# Traeger Lil Tex model 070 pellet smoker/grill.



## bigblue (Apr 18, 2012)

hey guys i need alittle help

I might have line on a lil tex used what things should look out for ?

Do they have problems that are come'n (controller ,agar ,etc )

their asking $275 not sure how old it is 

doesnt look in bad shape from pic

waiting for more info


----------



## bigblue (Apr 19, 2012)

I got some more info on the lil tex the guy has had it for 6 years and changed the controller out to digital 3 years ago and a new ignitior any thing else i should ask about ?


----------



## nancy lou (Apr 19, 2012)

BigBlue, I have a Lil Tex with the digital controller, and love it.
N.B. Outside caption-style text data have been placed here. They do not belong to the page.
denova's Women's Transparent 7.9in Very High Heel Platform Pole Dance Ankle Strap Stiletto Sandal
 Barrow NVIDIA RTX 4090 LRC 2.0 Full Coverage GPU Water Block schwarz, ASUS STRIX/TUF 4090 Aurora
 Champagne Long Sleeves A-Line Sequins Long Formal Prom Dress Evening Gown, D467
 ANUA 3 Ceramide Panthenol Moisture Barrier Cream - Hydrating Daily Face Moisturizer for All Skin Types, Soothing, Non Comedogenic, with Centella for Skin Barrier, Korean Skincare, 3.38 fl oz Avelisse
They're pretty simple devices, actually. You might ask if he's ever had to replace the hot rod (like an igniter on a gas grill, they can burn out). I did once, but I use my Traeger 4 to 5 times a week. And the service dept. told me how to manually light the grill, then sent me a replacement hot rod the next day free of charge. Go for it!


----------



## bigblue (Apr 19, 2012)

thank for the reply i think he replaced the ignitor  last year. Do they problems with the auger at all ? Are the old models and new models have any pros and cons or big changes ?


----------



## nancy lou (Apr 20, 2012)

Big Blue, have never heard of auger problems unless someone let moisture get into their pellets or pellet bin. Have heard of people having their grills for years. The older models are heavier--nice if you're working in wind or cold temperatures. Have a good weekend!


----------



## bigblue (Apr 21, 2012)

thanks for the help. Going to pick it up on Sat. for $200 i cant go wrong


----------